As loved ones anxiously waited, representatives from the coast guard, the fishermen’s association, and the navy met to decide the best rescue strategy. Some wanted to leave right away but were told to wait for a plan. While those in the storm continued pleading for help, the representatives continued meeting, trying to agree on the proper protocol and a plan.
When a rescue group was finally organized, one last desperate call came. The raging storm had broken the cable between the two boats, and Daniel’s crew was going back to see if they could save their fellow fishermen. In the end, both ships sank, and their crews, including Elder Patanía’s brother Daniel, were lost.

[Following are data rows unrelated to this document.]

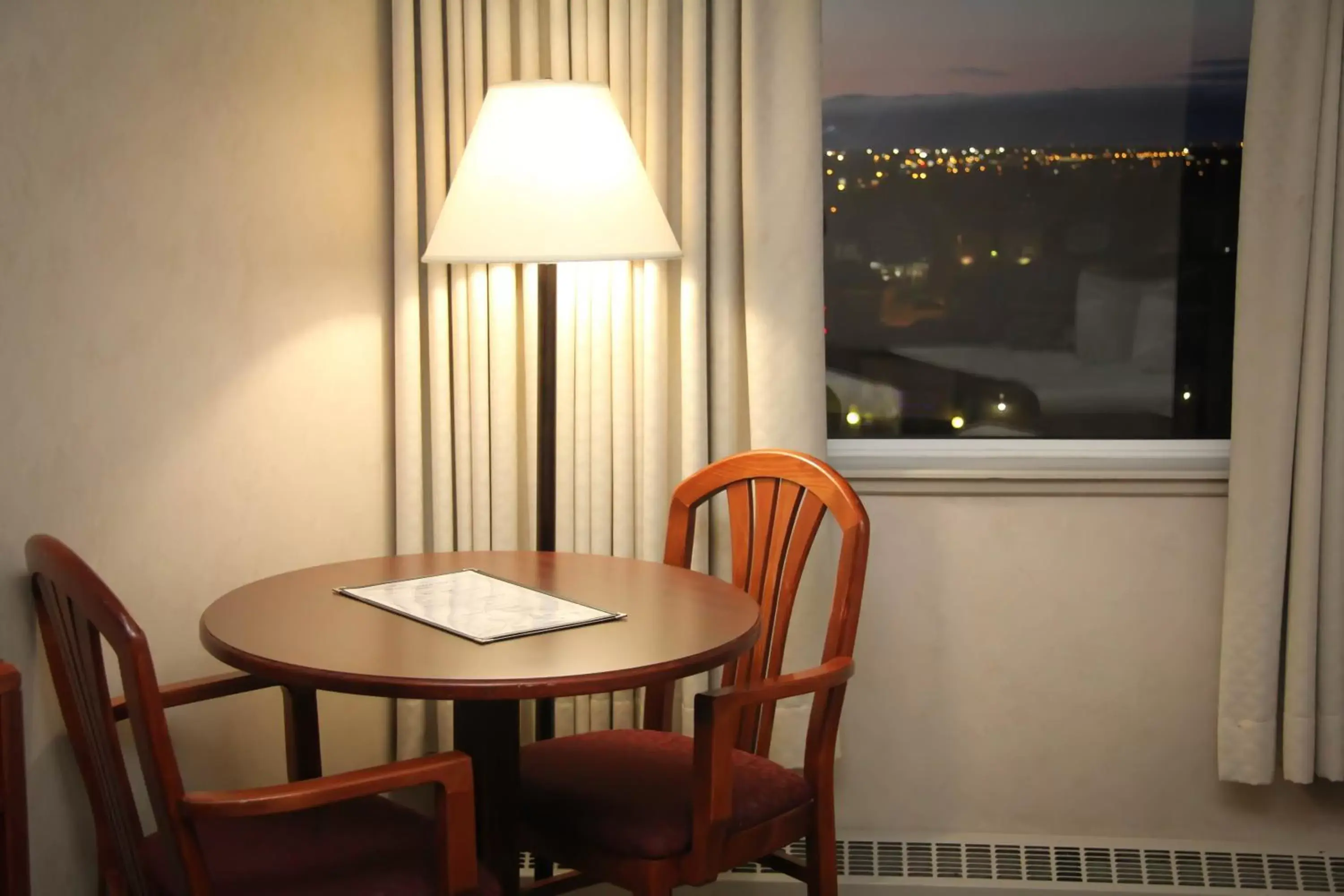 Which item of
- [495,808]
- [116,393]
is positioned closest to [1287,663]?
[495,808]

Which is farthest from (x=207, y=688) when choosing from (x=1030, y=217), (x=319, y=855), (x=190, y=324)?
(x=1030, y=217)

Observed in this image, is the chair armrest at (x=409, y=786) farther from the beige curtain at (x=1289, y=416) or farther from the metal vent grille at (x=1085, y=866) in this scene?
the beige curtain at (x=1289, y=416)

Elder Patanía compared this tragedy to the Lord’s admonition when He said, “Ye [have] not strengthened, … [or] brought again that which was driven away, … [or] sought that which was lost; … and I will require my flock at [your] hand.”4
Elder Patanía explained that, while we must be organized in our councils, quorums, auxiliaries, and even as individuals, we must not delay going to the rescue. Sometimes many weeks pass as we talk about how to help families or individuals who are in special need. We deliberate about who will visit them and the approach to take. Meanwhile, our lost brothers and sisters continue needing and sometimes even calling and pleading for help. We must not delay.
President Thomas S. Monson, who has sounded the clarion call to go to the rescue, noted, “Our members need to be reminded that it is never too late when it comes to our … less-active members … who could have been considered a hopeless cause.”5
Like many of you, I have shared the gospel with some who are soon baptized or activated, and others—such as my nonmember friend Tim and his less-active wife, Charlene—take much more time.
For over 25 years I engaged Tim in gospel conversations and took Tim and Charlene to temple open houses. Others joined the rescue; however, Tim declined each invitation made to meet with the missionaries.
One weekend I was assigned to preside at a stake conference. I had asked the stake president to fast and pray about whom we should visit. I was shocked when he handed me the name of my friend Tim. When Tim’s bishop, the stake president, and I knocked on the door, Tim opened it, looked at me, looked at the bishop, and then said, “Bishop, I thought you told me you were going to bring somebody special!”
Then Tim laughed and said, “Come on in, Merv.” A miracle occurred that day. Tim has now been baptized, and he and Charlene have been sealed in the temple. We must never give up.
Many years ago in a general conference, I spoke of how José de Souza Marques understood the words of the Savior that “if any man among you be strong in the Spirit, let him take with him him that is weak, that he may … become strong also.”6
Brother Marques knew the name of every sheep in his priests quorum and realized that Fernando was missing. He hunted for Fernando at his house, then looked for him at a friend’s home, and even went to the beach.
He finally found Fernando surfing in the ocean. He did not hesitate until the boat sank, like in Daniel’s story. He immediately entered the water to rescue his lost sheep, bringing him home rejoicing.7
He then ensured through continual ministering that Fernando never again would leave the fold.8
Allow me to update you on what has happened since Fernando was rescued and to share the joy that came from rescuing just one lost sheep. Fernando married his sweetheart, Maria, in the temple. They now have 5 children and 13 grandchildren, all of whom are active in the Church. Many other relatives and their families have also joined the Church. Together they have submitted thousands of their ancestors’ names to receive temple ordinances, and the blessings just keep coming.
Fernando is now serving as bishop for the third time, and he continues to rescue, just like he was rescued. He recently shared, “In our ward, we have 32 active young men of the Aaronic Priesthood, 21 of whom were rescued in the last 18 months.” As individuals, families, quorums, auxiliaries, classes, and home and visiting teachers, we can do that!
President Henry B. Eyring declared, “Whatever our age, capacity, Church calling, or location, we are as one called to the work to help [the Savior] in His harvest of souls until He comes again.”9
Each day more and more of our children, our youth, our young single adults, and our adult members of all ages are heeding the Savior’s clarion call to go to the rescue. Thank you for your efforts! Allow me to share some examples:
Amy, age 7, invited her friend Arianna and her family to her annual Primary sacrament meeting program. A few months later, Arianna and her family were baptized.
Allan, a young single adult, felt inspired to share the Church videos, Mormon Messages, and verses of scripture with all his friends using social media.
Sister Reeves began sharing the gospel with each telemarketer who called.
James invited his nonmember friend Shane to his daughter’s baptism.
Spencer sent his less-active sister a link to President Russell M. Nelson’s conference address and reported, “She read the talk, and a window was opened.”
The Lord has provided all of the tools necessary for us to go to the rescue of our less-active and nonmember friends. We can all do it!
I invite each of you to heed the Savior’s call to go to the rescue. We can do it!
I solemnly testify that I know Jesus is the Good Shepherd, that He loves us, and that He will bless us as we go to the rescue. I know He lives; I know it. In the name of Jesus Christ, amen.